Many analysts say 2012 could be a record year for commercial real estate loan defaults but banks could be hampered in their foreclosure attempts by the “widespread use of inaccurate, fraudulent documents for land title underwriting of commercial real estate financing,” von Hoffman says.

“Will Rollover Risk Sink the Office Recovery in 2012?” – By Victor Calanog, contributing columnist for National Real Estate Investor. The office market has shown some signs of improvement recently – the national vacancy rate dropped by 30 basis points last year – but lots of five-year rents signed in 2007 are coming due this year and that could spell trouble for some areas, Calanog says. Specifically, with effective rents still far from their 2007 levels, many office properties could be looking at a serious dip in revenue.

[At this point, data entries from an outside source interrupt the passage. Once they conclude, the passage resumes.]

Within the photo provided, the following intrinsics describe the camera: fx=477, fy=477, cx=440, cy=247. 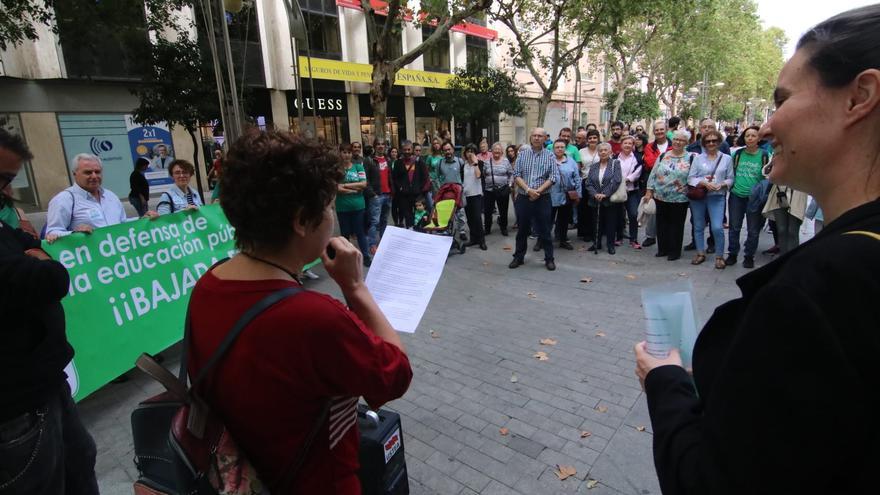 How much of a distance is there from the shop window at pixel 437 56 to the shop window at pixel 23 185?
1853 cm

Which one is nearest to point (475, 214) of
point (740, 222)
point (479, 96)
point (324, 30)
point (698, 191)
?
point (698, 191)

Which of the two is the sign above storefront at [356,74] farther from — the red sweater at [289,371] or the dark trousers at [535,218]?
the red sweater at [289,371]

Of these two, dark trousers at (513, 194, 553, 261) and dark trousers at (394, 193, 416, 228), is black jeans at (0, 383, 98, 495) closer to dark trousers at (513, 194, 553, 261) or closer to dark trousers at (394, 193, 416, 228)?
dark trousers at (513, 194, 553, 261)

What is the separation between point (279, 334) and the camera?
3.89ft

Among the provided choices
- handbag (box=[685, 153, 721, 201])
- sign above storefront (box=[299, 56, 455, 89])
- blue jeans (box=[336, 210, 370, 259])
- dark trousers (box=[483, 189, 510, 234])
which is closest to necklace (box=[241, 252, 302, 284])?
blue jeans (box=[336, 210, 370, 259])

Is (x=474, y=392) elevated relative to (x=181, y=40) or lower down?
lower down

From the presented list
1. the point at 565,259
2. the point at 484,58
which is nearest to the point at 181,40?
the point at 565,259

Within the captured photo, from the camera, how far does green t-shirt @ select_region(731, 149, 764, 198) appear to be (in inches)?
255

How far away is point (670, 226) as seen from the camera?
7305 mm

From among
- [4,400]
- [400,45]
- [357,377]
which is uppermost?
[400,45]

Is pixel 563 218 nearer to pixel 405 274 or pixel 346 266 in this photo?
pixel 405 274

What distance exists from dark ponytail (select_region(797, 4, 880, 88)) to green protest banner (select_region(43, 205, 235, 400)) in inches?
161

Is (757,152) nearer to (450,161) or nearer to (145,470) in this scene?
(450,161)

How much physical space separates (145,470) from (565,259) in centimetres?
686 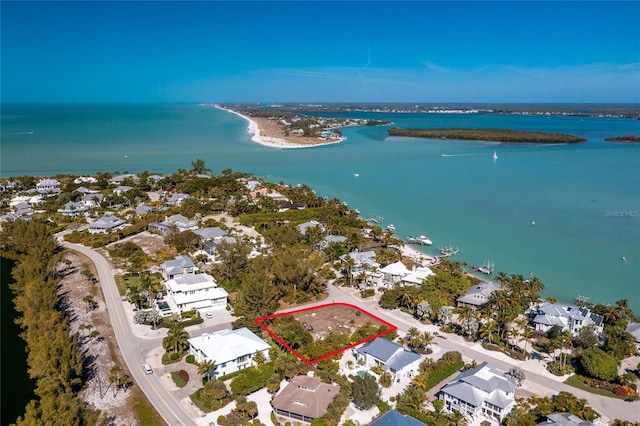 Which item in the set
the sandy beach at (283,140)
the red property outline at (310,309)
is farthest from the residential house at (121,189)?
the sandy beach at (283,140)

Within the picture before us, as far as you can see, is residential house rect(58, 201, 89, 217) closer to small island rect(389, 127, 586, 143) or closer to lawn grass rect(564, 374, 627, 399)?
lawn grass rect(564, 374, 627, 399)

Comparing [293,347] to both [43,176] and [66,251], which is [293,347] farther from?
[43,176]

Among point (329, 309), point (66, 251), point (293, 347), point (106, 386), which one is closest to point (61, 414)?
point (106, 386)

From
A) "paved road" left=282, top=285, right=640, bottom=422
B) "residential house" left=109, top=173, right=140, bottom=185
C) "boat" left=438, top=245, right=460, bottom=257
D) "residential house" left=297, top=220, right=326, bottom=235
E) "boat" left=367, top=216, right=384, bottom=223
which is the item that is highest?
"residential house" left=109, top=173, right=140, bottom=185

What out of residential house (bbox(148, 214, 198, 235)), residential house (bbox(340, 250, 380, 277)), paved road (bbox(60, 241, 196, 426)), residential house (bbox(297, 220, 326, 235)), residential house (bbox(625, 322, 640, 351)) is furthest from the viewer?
residential house (bbox(148, 214, 198, 235))

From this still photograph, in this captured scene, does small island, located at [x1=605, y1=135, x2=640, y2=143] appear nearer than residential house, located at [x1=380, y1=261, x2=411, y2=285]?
No

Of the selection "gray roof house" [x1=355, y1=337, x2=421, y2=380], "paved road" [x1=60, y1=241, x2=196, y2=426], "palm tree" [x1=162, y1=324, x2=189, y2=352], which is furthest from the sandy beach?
"gray roof house" [x1=355, y1=337, x2=421, y2=380]

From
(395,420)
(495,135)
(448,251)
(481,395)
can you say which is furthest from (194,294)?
(495,135)

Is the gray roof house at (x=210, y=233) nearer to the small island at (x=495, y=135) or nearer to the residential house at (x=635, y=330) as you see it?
the residential house at (x=635, y=330) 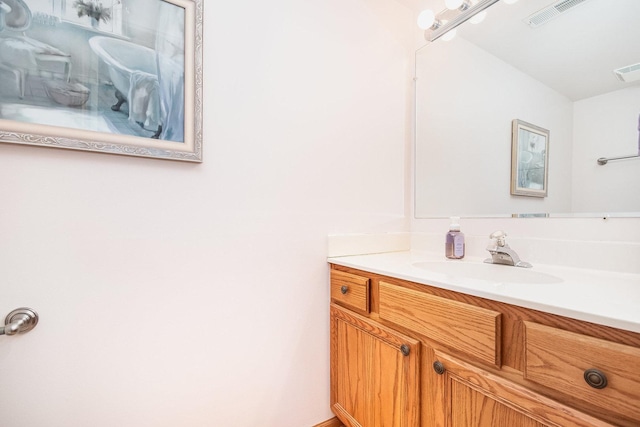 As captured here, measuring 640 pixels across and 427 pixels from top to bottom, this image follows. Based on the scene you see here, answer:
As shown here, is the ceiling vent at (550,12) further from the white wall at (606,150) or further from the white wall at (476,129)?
the white wall at (606,150)

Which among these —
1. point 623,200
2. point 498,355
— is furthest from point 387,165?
point 498,355

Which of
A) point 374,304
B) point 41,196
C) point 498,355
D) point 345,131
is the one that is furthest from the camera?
point 345,131

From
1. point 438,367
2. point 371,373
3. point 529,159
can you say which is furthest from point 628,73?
point 371,373

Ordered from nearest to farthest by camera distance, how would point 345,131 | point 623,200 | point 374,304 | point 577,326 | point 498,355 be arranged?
point 577,326
point 498,355
point 623,200
point 374,304
point 345,131

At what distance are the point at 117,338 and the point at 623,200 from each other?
1654 millimetres

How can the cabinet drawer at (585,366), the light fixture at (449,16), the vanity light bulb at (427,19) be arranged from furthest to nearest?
the vanity light bulb at (427,19), the light fixture at (449,16), the cabinet drawer at (585,366)

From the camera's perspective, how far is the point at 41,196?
749 millimetres

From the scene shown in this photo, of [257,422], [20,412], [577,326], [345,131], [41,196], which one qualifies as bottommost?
[257,422]

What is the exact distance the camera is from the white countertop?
517 millimetres

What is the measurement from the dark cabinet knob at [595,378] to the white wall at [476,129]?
0.69 m

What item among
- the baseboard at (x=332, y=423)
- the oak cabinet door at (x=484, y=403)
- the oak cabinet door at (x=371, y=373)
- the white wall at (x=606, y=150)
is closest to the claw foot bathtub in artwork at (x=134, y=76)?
the oak cabinet door at (x=371, y=373)

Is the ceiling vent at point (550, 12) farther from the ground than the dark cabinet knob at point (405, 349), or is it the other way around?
the ceiling vent at point (550, 12)

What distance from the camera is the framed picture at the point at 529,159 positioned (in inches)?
41.3

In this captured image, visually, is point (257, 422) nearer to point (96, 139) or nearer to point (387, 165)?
point (96, 139) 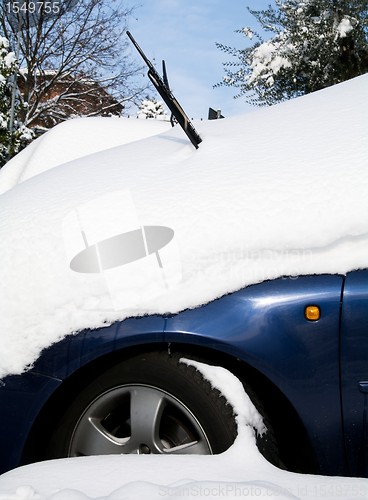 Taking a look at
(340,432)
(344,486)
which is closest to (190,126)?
(340,432)

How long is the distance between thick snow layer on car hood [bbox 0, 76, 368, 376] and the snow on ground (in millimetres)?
311

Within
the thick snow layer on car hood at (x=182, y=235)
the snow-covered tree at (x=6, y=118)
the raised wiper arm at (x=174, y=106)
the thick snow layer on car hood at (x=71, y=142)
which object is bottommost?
the thick snow layer on car hood at (x=182, y=235)

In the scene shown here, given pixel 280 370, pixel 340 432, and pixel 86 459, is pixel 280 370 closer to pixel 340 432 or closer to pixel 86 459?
pixel 340 432

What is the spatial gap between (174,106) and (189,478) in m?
1.32

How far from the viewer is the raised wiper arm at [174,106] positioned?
1957 mm

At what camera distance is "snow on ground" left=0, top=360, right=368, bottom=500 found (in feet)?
3.85

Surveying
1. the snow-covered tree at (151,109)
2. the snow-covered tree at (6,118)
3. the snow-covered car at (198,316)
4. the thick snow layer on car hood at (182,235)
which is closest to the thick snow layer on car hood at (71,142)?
the thick snow layer on car hood at (182,235)

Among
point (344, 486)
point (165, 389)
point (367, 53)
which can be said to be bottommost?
point (344, 486)

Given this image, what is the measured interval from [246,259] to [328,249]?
23 cm

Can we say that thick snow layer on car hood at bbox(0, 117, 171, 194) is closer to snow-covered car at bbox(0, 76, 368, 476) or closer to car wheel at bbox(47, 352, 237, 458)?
→ snow-covered car at bbox(0, 76, 368, 476)

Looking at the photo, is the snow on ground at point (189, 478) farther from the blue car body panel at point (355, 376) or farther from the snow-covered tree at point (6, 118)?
the snow-covered tree at point (6, 118)

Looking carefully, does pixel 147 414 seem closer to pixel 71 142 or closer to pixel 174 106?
pixel 174 106

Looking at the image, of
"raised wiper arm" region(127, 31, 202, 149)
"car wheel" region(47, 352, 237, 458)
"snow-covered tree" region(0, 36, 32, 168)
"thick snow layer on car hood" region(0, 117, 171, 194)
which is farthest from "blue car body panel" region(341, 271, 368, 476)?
"snow-covered tree" region(0, 36, 32, 168)

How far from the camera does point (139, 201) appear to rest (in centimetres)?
165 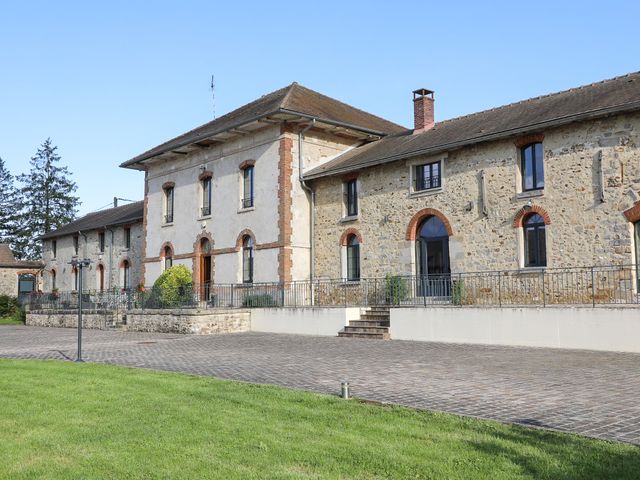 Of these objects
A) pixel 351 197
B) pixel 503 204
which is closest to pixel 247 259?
pixel 351 197

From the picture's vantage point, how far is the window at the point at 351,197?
21.3 meters

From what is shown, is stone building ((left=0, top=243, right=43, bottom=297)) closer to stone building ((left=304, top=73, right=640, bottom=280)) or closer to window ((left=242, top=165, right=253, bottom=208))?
window ((left=242, top=165, right=253, bottom=208))

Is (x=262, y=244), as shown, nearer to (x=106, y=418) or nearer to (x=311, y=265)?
(x=311, y=265)

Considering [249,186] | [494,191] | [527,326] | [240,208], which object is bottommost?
[527,326]

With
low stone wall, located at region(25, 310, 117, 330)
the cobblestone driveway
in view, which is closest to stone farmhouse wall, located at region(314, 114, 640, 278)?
the cobblestone driveway

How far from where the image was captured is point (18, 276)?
1628 inches

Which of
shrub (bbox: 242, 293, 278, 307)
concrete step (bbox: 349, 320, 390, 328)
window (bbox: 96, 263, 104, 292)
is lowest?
concrete step (bbox: 349, 320, 390, 328)

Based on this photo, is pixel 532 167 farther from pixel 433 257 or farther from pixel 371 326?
pixel 371 326

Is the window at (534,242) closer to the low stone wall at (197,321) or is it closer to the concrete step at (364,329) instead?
the concrete step at (364,329)

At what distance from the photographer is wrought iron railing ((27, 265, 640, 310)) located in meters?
15.0

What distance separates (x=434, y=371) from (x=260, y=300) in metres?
12.3

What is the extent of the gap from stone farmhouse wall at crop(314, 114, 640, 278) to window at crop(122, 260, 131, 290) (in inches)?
556

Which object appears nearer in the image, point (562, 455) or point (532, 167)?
point (562, 455)

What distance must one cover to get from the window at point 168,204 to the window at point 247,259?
18.2 ft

“The sky isn’t about to fall for office properties around the nation … ,” Calanog writes. “Still, some properties that have large tenants will find it challenging to renew leases at rent levels signed prior to the downturn.”

“Commercial Real Estate Has and Will Outperform Other Asset Classes” – By Natalie Dolce of GlobeSt.com. Given the ever-present fluctuations in the stock market and dissatisfaction with bond returns, institutional investors continue to seek a safe haven in commercial real estate, Dolce reports. 2012 should therefore be a busy year for commercial real estate transactions.

“Limited new construction, signs of economic expansion and a low interest rate environment provide compelling justification for long-term aggressive rent growth,” Marc Renard, executive managing director of Cushman & Wakefield of California’s Capital Markets Group, told Dolce. “As a result, 2012 should prove to be an excellent, vintage year for strategic acquisitions.”

“Generation Y Fuels Atlanta Rental Growth Boom” – By Douglas Sams of the Atlanta Business Chronicle. Two new apartment high-rise properties are in the works for Midtown Atlanta, and the developers of the projects say that 24- to 34-year-olds are a big reason why.

Known as “Generation Y” or “Echo Boomers,” the demographic frowns upon long commutes to work and embraces intown living, Sams writes. Not only that, they simply are not all that jazzed about buying a home.

“Home ownership is no longer the American Dream that it once was,” Mark Stewart, director of investments for Batson Cook Development, told Sams.